DERT AYİ
Eylül, aslında sadece sonbaharın değil, aynı zamanda kışın da habercisi. Doğada yaprakların sararması neyse, ekonomide de cebimizin daralması o. Okullar açılıyor, yeni kıyafetler, kitaplar, servis ücretleri… Üstüne kış hazırlıkları: kömür, odun, doğalgaz faturası derken herkesin yüzünde aynı kaygı beliriyor: “Bu kışı nasıl geçireceğiz?”
Bir yandan da manzaraya bakın: Yaz rehavetinden sıyrılmış, gökyüzü daha serin, rüzgâr daha keskin, günler daha kısa. Aslında doğa da bize ders veriyor. Yazın savurganlığına karşı sonbaharın tutumluluğunu hatırlatıyor. Çünkü Eylül, bize hem ekonomik hem ruhsal olarak tasarrufu, toparlanmayı, hazırlığı öğretiyor.
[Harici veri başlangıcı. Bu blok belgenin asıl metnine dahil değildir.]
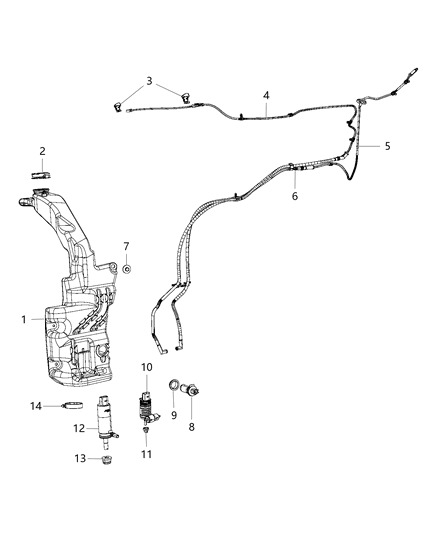 2017 Jeep Cherokee Washer Nozzle, Front Diagram for 68102968AB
Ama unutmamak lazım; her ne kadar zor da olsa Eylül aynı zamanda umut ayıdır. Çünkü bu sıkışıklığın içinde yeni bir düzen, yeni bir başlangıç gizlidir. Belki biraz daha hesaplı yaşayacağız, belki keyfi harcamaları azaltacağız ama şunu bileceğiz: Dayanışmayla, akılla, sabırla bu kışı da atlatacağız.
Eylül bize dertleri getiriyor ama aynı zamanda güçlenme fırsatı da sunuyor. Yaz bitiyor, evet… Ama hayatın gerçekleriyle yüzleşme, yeniden ayağa kalkma mevsimi şimdi başlıyor.